What might this look like? I adapted a table from the recent publication Critical Features of Instructional Materials Design for Today’s Science Standards to see how students could develop an SEP element (elements are the bulleted SEPs, DCIs, and CCCs in the foundation boxes of the standards as well as in the NGSS appendices) throughout a hypothetical Grade 6 unit of instruction:
In this hypothetical Grade 6 instructional unit, students develop proficiency in an SEP element integrated into their instruction. Early in the unit, the SEP element is heavily scaffolded (e.g., through discussions and group work). Later, students are expected to use the SEP element more independently, with reduced scaffolding.
What do you think? When you design instruction for students, when do you decide which SEPs they will develop? How do you make sure students develop new SEP proficiencies rather than starting over with ones they’ve already learned?

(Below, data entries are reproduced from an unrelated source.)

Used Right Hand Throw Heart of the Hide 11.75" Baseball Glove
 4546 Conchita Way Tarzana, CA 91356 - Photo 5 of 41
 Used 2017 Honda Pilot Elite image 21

I find it helpful to look at NGSS Appendix F, which details the specific elements of each practice for each grade band. https://www.nextgenscience.org/sites/default/files/resource/files/Appendix%20F%20%20Science%20and%20Engineering%20Practices%20in%20the%20NGSS%20-%20FINAL%20060513.pdf
I think that the issues identified here for science and engineering practices also exists for disciplinary core ideas. I think there are many instances where students are expected to learn about the same topic (e.g., the effects of forces on motion, food webs, and the water cycle) in elementary school, middle school, and high school without any clear use of a progression. One reason that things may be even worse for use of the practices is that it currently isn’t safe to assume that when students start a particular grade, that they have made in-depth use of the practices in earlier grades. Another issue There is also the problem that there is far less research about learning progressions for the practices and what a strong progression in the practices looks like. Even when progressions are discussed on page 2 of the NGSS appendices, the focus is primarily on “ideas” and “concepts.”
But in spite of all of these issues, there is a need for improvement in how practices are employed in classrooms.

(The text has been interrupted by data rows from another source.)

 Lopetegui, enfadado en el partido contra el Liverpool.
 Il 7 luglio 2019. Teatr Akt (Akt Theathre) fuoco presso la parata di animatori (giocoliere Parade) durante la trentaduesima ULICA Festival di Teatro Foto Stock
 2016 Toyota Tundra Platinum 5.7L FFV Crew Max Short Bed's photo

As a step toward that improvement, teachers from different grades should communicate and coordinate more. I would recommend them looking at the progressions of a particular practice (or core idea or crosscutting concept) and discussing how student learning at one grade level will build on what they have learned in earlier grades and how their learning in one grade will set the stage for what they do in later grades.
I work with pre-service, secondary mathematics and science teachers. We intentionally and explicitly work to develop our students’ understanding of the SEPs and the importance of developing them over time. Through our demonstration lessons to our student-designed lessons, we foster the importance of this. However, it breaks down when our students are doing their student teaching and are new teachers. Unfortunately, many in-service teachers continue to focus on content (not always DCI-aligned) and do not utilize the practices or crosscutting concepts to help their students make sense of a phenomenon. Although our student teachers are permitted (I use this word intentionally here) to teach their phenomenon-driven units when they are in charge of the learning, this does not continue when they are new hires. As the “new kids,” they typically go along to get along. Our program is tirelessly trying to break this cycle, but I do not think we are making much headway. Additionally, I find that we have to keep confronting our pre-service students’ conceptions about learning because of their 13+ years of experience prior to our courses and their continued experience of direct instruction at the university level. We work to empower our students to be game-changers, but this has been frustratingly difficult. Perhaps more support and emphasis on pre-service science instruction at the national level would spur more wholesale changes? I’m not discouraged, just providing my observations from the field.